Au bout d'un mois, la scène changea; Frédéric se dit à lui-même: je suis indigne de vivre!
Entre nous, je crois qu'il était la machine à vapeur mal construite, pas trop capable de porter l'amour d'une Adélaïde. Il commença à devenir sombre. Peut-être avait-il dit à madame sa femme quelques mots offensants dans les jours de sa félicité; il devint doux comme une fille. Il trouva sa victime angélique et fut remercié avec larmes. Adélaïde prit la chose de très haut et maltraita vivement l'un et l'autre. Ce n'était pas une nature à concessions. Ce que voyant, Frédéric formula quelques vérités morales d'une grande portée, d'où résulta une explication violente dans la chambre d'Adélaïde. De paroles en paroles on s'échauffa et ce matin-là Frédéric déjeûna en tête à tête avec Élisabeth. Il voulut, cependant, dans la journée, monter chez mademoiselle d'Hermansburg pour lui faire apprécier un plan de conduite entièrement nouveau dont l'idée lui était venue; mais il apprit que sa belle-fille était allée passer la journée chez une de ses amies. Ce jeu-là continua pendant quatre ou cinq jours. Frédéric devint troublé et inquiet; Élisabeth toujours résistant, toujours espérant, toujours luttant du moins, mais se sentant cruellement maltraitée par le sort qu'elle s'était fait, continua en y usant les ressorts de sa volonté, à garder la couverture de mansuétude dans laquelle elle avait jugé indispensable de s'envelopper.
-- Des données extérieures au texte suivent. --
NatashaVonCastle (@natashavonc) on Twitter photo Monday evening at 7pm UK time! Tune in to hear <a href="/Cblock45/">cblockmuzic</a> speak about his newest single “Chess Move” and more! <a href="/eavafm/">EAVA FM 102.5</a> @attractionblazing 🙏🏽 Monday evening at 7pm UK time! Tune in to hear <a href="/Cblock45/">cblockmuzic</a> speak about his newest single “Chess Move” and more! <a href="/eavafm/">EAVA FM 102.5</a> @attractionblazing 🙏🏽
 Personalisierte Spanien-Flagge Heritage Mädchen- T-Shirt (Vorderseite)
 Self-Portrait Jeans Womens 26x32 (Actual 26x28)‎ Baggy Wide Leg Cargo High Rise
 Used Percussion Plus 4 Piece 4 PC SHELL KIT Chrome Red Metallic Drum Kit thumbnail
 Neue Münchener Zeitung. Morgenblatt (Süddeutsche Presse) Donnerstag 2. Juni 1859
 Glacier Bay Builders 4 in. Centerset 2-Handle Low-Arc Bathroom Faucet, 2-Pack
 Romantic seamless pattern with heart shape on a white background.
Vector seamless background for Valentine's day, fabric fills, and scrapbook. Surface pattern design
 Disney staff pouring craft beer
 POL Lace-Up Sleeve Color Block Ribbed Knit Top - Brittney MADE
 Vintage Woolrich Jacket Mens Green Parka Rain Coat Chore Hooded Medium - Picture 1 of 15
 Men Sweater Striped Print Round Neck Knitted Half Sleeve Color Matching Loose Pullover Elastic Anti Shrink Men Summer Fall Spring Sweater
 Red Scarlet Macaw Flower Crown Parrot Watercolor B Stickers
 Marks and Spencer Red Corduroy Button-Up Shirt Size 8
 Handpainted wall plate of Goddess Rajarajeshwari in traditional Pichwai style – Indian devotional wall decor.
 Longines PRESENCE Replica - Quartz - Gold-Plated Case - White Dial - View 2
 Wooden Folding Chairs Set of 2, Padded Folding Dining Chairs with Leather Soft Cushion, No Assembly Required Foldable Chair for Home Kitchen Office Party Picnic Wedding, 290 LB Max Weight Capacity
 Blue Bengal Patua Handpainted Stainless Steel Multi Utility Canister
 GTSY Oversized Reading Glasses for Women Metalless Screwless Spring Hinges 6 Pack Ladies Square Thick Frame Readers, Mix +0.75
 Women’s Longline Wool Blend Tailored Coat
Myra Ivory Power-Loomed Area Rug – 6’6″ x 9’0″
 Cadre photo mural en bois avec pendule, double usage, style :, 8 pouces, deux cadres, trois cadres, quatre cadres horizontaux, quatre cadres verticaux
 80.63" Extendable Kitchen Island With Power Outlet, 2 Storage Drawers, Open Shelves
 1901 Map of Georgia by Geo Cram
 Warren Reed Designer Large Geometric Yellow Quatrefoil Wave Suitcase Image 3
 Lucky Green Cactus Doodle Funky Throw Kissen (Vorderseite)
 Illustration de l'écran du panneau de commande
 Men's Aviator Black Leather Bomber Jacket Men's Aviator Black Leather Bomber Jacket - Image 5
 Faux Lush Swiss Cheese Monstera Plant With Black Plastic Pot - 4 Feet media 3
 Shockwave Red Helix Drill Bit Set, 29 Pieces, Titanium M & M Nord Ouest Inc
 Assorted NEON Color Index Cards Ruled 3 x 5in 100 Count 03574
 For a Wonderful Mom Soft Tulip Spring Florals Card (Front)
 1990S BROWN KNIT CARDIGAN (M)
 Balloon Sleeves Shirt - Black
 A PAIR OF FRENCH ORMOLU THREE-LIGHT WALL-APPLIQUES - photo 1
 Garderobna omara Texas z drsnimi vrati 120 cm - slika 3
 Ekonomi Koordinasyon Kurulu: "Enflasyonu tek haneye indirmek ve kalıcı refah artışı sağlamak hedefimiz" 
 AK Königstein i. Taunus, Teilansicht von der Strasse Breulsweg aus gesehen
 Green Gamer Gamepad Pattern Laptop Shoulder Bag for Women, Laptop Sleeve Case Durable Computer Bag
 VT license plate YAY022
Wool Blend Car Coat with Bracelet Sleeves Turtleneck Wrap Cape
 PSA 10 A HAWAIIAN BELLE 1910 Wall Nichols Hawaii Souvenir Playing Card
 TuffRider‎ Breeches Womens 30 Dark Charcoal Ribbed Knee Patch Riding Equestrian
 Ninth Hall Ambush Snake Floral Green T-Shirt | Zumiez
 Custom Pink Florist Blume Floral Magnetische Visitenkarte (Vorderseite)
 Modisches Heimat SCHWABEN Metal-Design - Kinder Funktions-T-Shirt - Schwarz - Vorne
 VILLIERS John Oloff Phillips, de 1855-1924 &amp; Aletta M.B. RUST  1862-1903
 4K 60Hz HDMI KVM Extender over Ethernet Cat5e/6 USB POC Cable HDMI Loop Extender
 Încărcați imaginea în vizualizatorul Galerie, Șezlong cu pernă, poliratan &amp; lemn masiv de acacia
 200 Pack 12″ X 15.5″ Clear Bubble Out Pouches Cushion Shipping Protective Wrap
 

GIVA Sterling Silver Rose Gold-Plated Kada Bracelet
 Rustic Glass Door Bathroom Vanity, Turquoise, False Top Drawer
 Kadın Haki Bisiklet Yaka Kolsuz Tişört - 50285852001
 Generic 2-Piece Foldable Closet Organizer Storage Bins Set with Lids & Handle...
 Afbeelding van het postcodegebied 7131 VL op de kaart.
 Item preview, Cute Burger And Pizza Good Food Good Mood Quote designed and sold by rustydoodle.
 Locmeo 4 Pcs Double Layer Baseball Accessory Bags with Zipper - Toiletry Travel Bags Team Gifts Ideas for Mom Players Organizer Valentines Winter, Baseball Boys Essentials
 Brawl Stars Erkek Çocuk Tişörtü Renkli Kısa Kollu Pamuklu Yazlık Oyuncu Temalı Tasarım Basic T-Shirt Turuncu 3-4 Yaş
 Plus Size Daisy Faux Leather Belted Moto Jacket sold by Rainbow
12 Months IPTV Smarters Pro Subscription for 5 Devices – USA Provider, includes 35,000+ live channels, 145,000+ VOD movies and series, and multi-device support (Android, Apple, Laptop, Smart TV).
Le cinquième jour, la mère de l'amie d'Adélaïde demanda à madame Rothbanner si elle agréerait la recherche que le Comte de Potz se proposait de faire de sa chère fille. Depuis cinq jours les jeunes gens se voyaient chez elle et paraissaient sympathiser. Élisabeth ne se trompa pas une minute sur le sens de ce nouvel intermède et elle eut le double courage et la prudence admirables, d'abord de témoigner des doutes quant à l'acquiescement de sa fille à un mariage, secondement de ne pas dire un mot à son mari. De cette façon elle s'innocentait d'avance aux yeux du monde des extravagances qu'Adélaïde pouvait méditer et elle n'éveillait pas elle-même chez Frédéric cette jalousie qu'elle avait appris à connaître et dont elle savait les conséquences. Il est curieux que les passions de ce dernier ordre-là, ont d'autant plus d'énergie et de cruauté que ceux qui les éprouvent sont plus faibles.
Le pendant exact de ce qui s'était produit avec Christian arriva avec M. de Potz, c'est-à-dire qu'Adélaïde s'attacha par les attentions les plus délicates à lui tourner absolument la tête et y réussit parfaitement. On parla de leur union comme d'une chose assurée. Rothbanner l'apprit et pendant quelques jours sembla disposé à y prêter les mains. Il en plaisanta avec Adélaïde elle-même; cependant les deux femmes intéressées à suivre les mouvements de son coeur le virent bientôt devenir sombre, inquiet, absorbé; l'une et l'autre, avec des sentiments à coup sûr bien différents, prévirent que sa maladie allait aboutir à une crise.